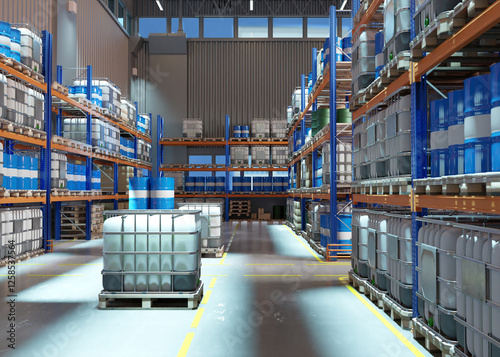 Interior chemical warehouse...
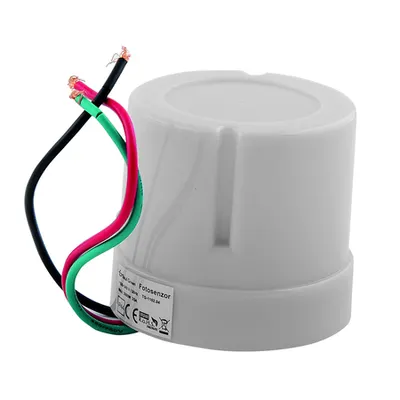 Fotosenzor IP44 15A 1500W Alb
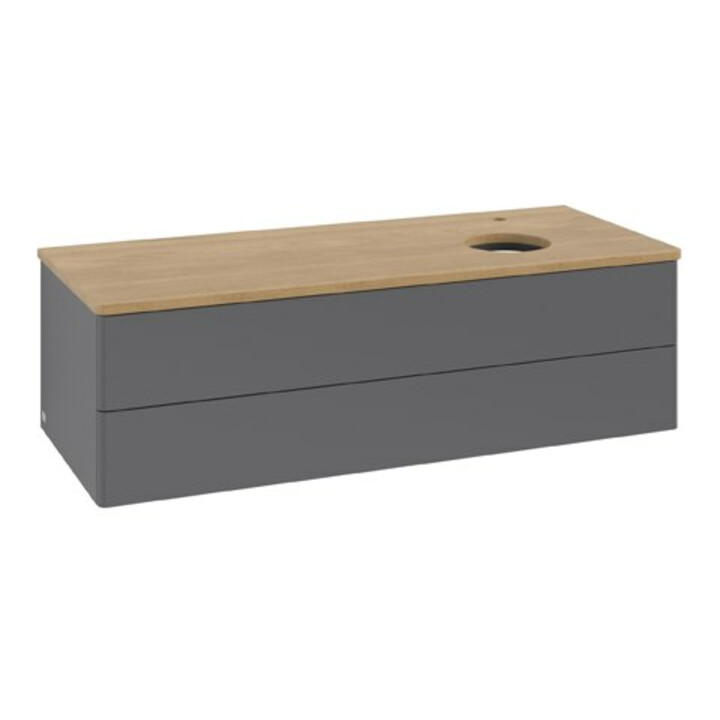 V&B Meuble sous lavabo sans structure de façade Antao 120x36x50cm, HL, WBP hon. Oa, A m Lac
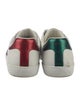 Gucci Web Accent Leather Sneakers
════
• Required work
Word for word, restate the lines from the line containing "V&B Meuble sous" through the end of the data, including the first and last of them. Pictures stay out.

• Result of this exercise
 V&B Meuble sous lavabo sans structure de façade Antao 120x36x50cm, HL, WBP hon. Oa, A m Lac
 Gucci Web Accent Leather Sneakers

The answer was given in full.